Should never blow a fuse... That is not a good sign.


----------



## Seattle_Aquarist (Jun 15, 2008)

Hi kellymm7149,

I agree with jeffkrol that a fuse blowing could be an indication of other issues, hopefully the fuse blew as a result of the power supply failure and there is no repetition of the problem.


----------



## Malakian (Aug 23, 2014)

Makes me think about all these "if a Finnex light just barely touches the water, it's fried". Seen several people say that. Might just be the fuse that blows, and chaining it should fix it.
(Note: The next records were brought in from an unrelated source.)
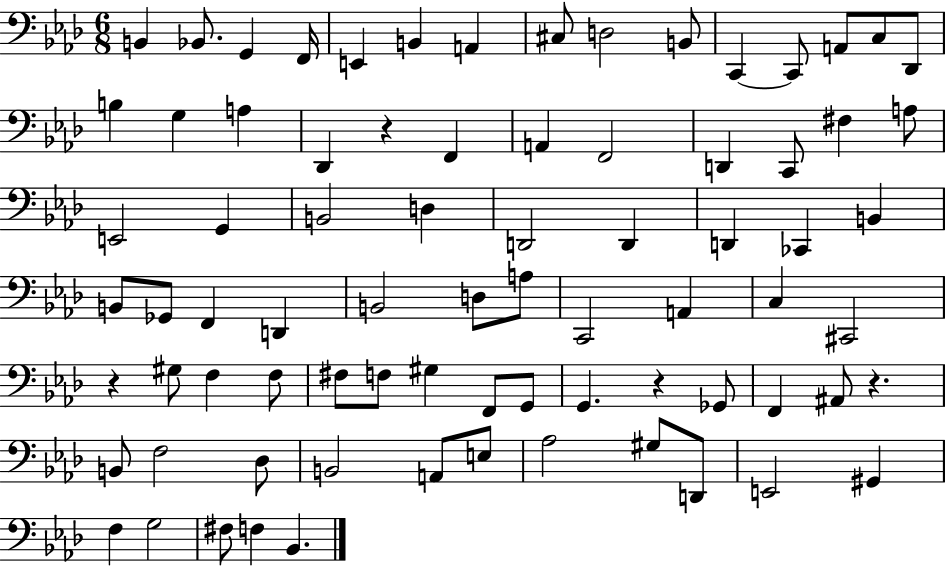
{
  \clef bass
  \numericTimeSignature
  \time 6/8
  \key aes \major
  b,4 bes,8. g,4 f,16 | e,4 b,4 a,4 | cis8 d2 b,8 | c,4~~ c,8 a,8 c8 des,8 | \break b4 g4 a4 | des,4 r4 f,4 | a,4 f,2 | d,4 c,8 fis4 a8 | \break e,2 g,4 | b,2 d4 | d,2 d,4 | d,4 ces,4 b,4 | \break b,8 ges,8 f,4 d,4 | b,2 d8 a8 | c,2 a,4 | c4 cis,2 | \break r4 gis8 f4 f8 | fis8 f8 gis4 f,8 g,8 | g,4. r4 ges,8 | f,4 ais,8 r4. | \break b,8 f2 des8 | b,2 a,8 e8 | aes2 gis8 d,8 | e,2 gis,4 | \break f4 g2 | fis8 f4 bes,4. | \bar "|."
}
But, my 2 cents. It's a light for aquariums, and it's not the cheapest out there (though relatively cheap), they should build all aquarium lights according to IP66, or at least IP45. By the looks of it, it's more or a less a IP40 fixture (24/7 Planted plus is the one I own). That would get ruined in minutes in rain, let alone a dip in the tank. Fluval got the right idea on their new leds!


----------



## bcbishop (Dec 7, 2013)

Does anyone have a link for a replacement power supply for a planted plus?


----------



## [email protected] (Jan 8, 2010)

Nor is water


----------